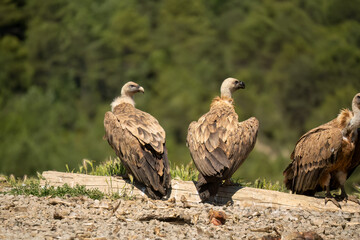 Close-up of Griffon vultures (Eurasion griffon, Gyps fulvus) at a feeding station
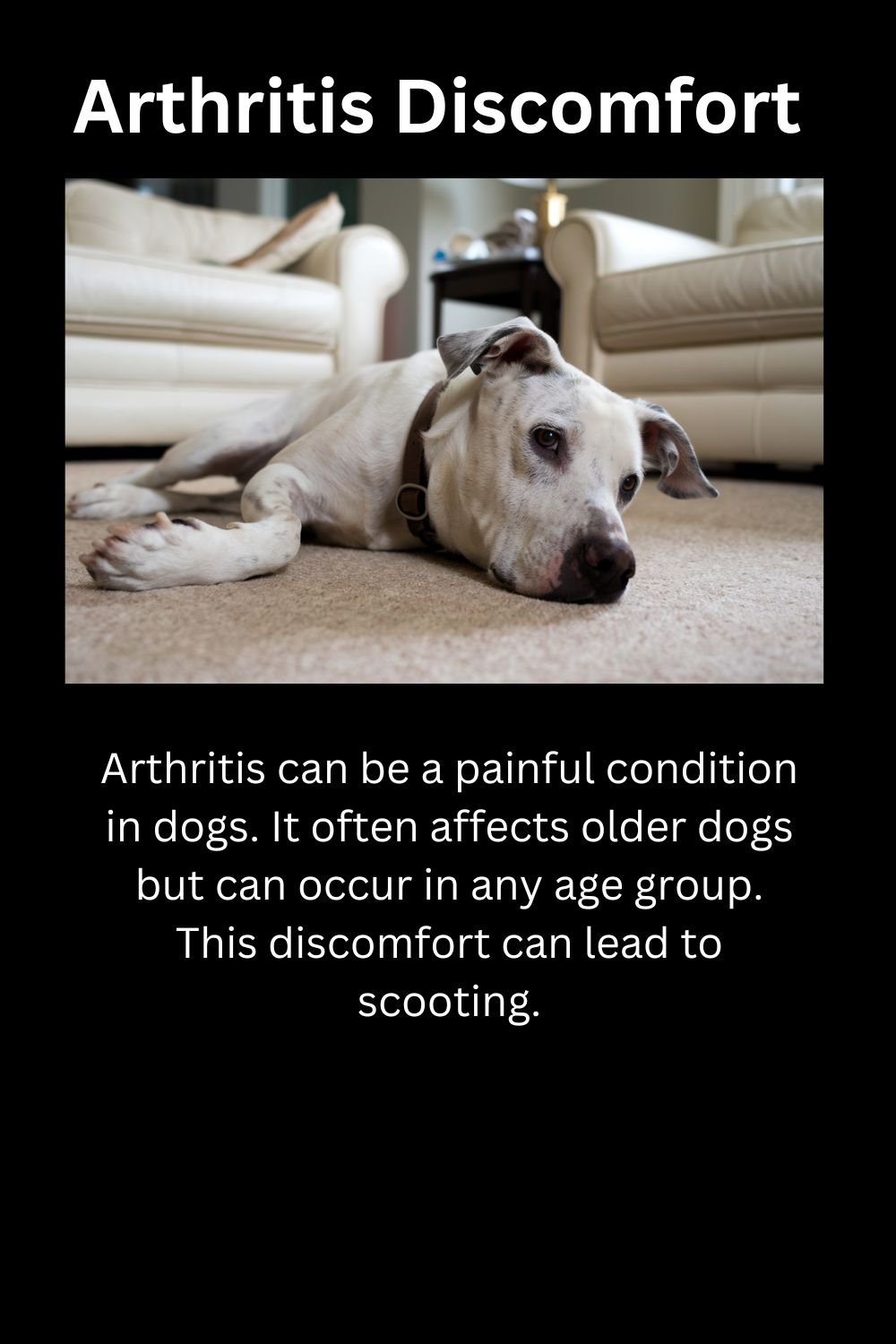 Arthritis Discomfort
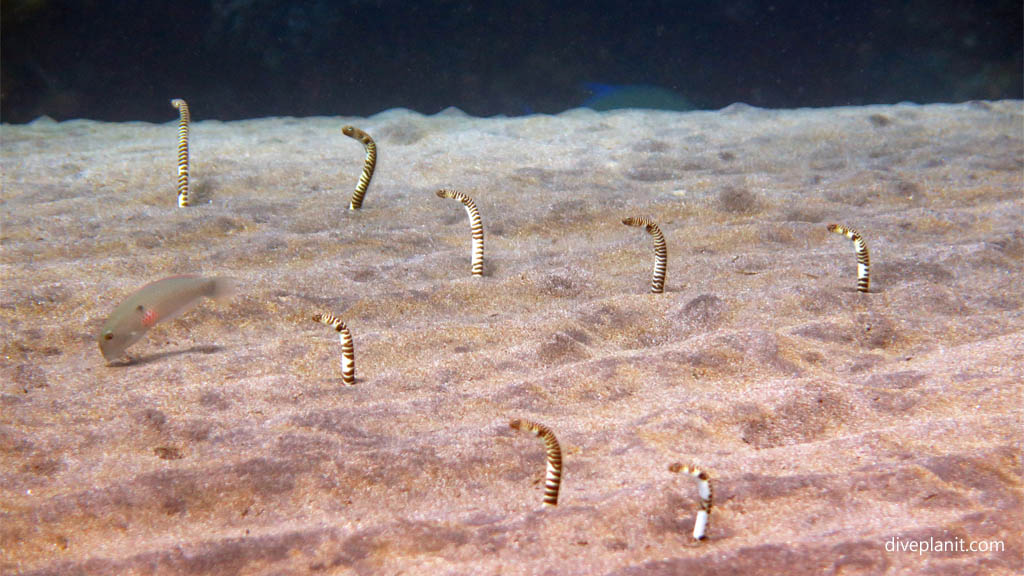 Garden eels all looking the same way diving The Japanese Wreck at Bali Indonesia by Diveplanit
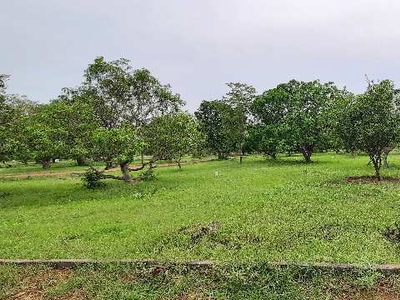 Agricultural Land 100 Sq. Yards for Sale in Kathipudi, East Godavari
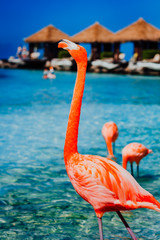 Flamingos roaming around the beach sunbathing.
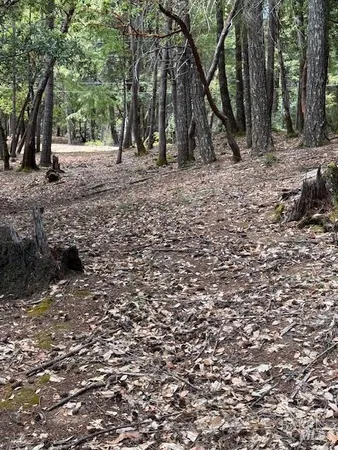 a view of a trees with a tree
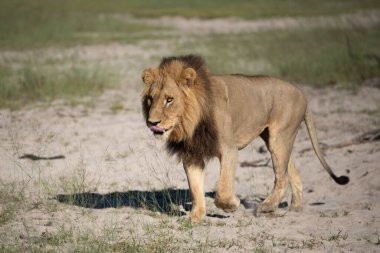 Masai Mara 'nın altın çimlerinde Güzel Aslan Sezar, Kenya Panthera Leo.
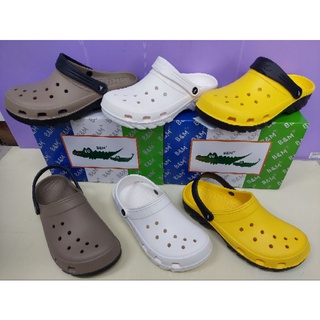 🎉現貨新款🎉母子鱷魚 水陸雙色～洞洞布希鞋 防水鞋 台灣製造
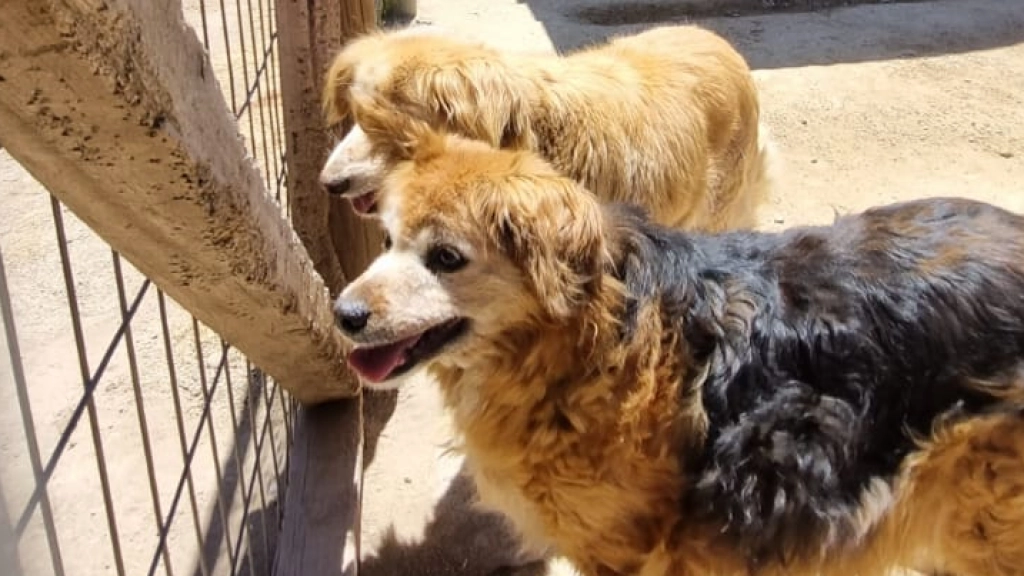 Perros rescatados, Callejeritos de La Vega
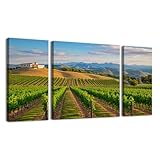 3 Panel Large Wall Art Prints Paintings California spring vineyard Temecula Valley CA Canvas Wall Art Living Room office Modern Home Wall Decor Framed Artwork Ready to Hang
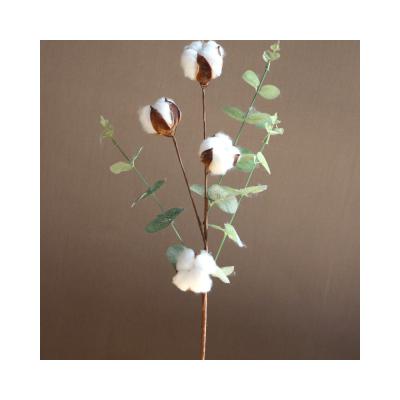 China Hot sale eucalyptus leaf cotton branch 4 head dry cotton flower simulation dry bouquet for sale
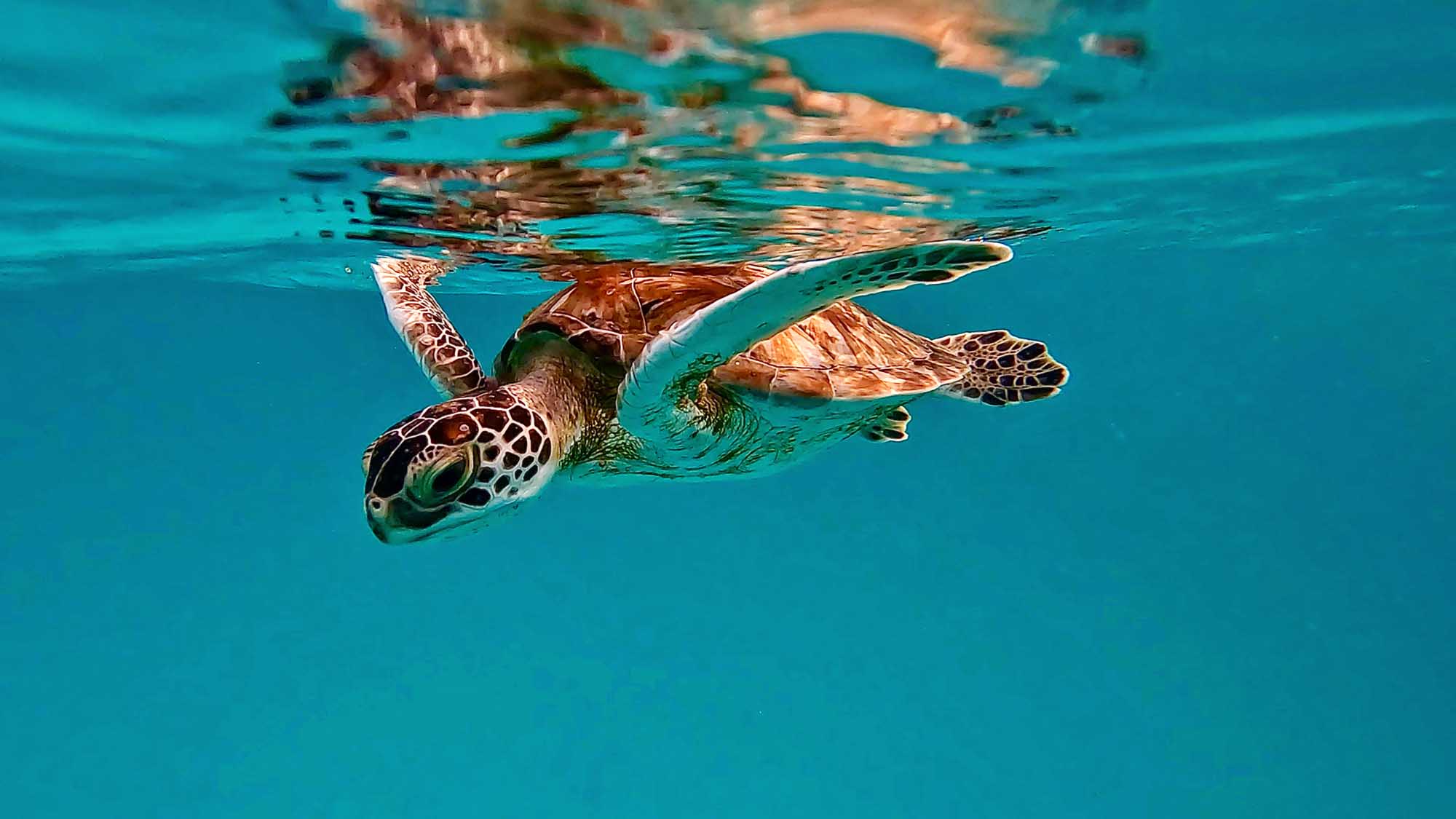 Sea Turtle Swimming in Turquoise Waters A vibrant underwater photograph of a green sea turtle swimming near the surface of clear turquoise water, captured from a snorkeling perspective. The turtle's shell displays distinctive brown and cream patterning, with its flippers extended as it gracefully navigates the shallow tropical waters.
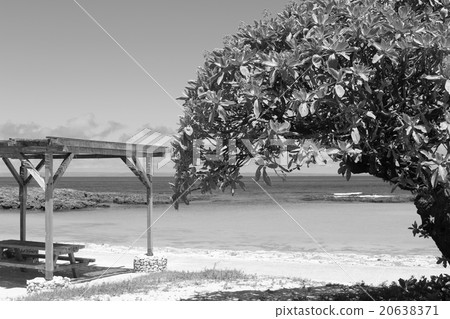 summer summer 20638371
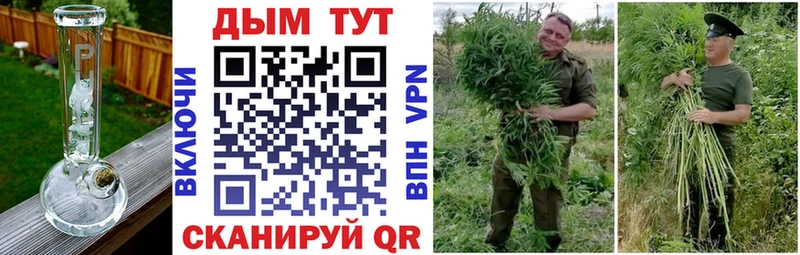 где продают наркотики  Буй  Марихуана индика 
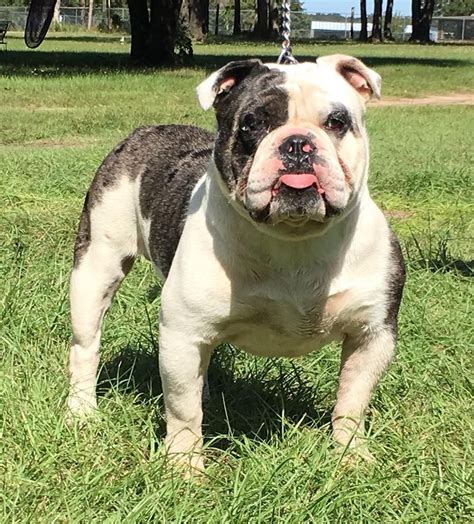 Ckc registered english bulldog puppies. Olde English Bulldogge Puppies For Sale | Killeen, TX #69726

▬▬▬

Exercise objective
Skipping every picture, transcribe exactly the lines above from the one containing "Arthritis Discomfort" through the one containing "China Hot sale", both included.

Solution below
 Arthritis Discomfort
 Garden eels all looking the same way diving The Japanese Wreck at Bali Indonesia by Diveplanit
 Agricultural Land 100 Sq. Yards for Sale in Kathipudi, East Godavari
 Flamingos roaming around the beach sunbathing.
 a view of a trees with a tree
 Masai Mara 'nın altın çimlerinde Güzel Aslan Sezar, Kenya Panthera Leo.
 🎉現貨新款🎉母子鱷魚 水陸雙色～洞洞布希鞋 防水鞋 台灣製造
 Perros rescatados, Callejeritos de La Vega
 3 Panel Large Wall Art Prints Paintings California spring vineyard Temecula Valley CA Canvas Wall Art Living Room office Modern Home Wall Decor Framed Artwork Ready to Hang
 China Hot sale eucalyptus leaf cotton branch 4 head dry cotton flower simulation dry bouquet for sale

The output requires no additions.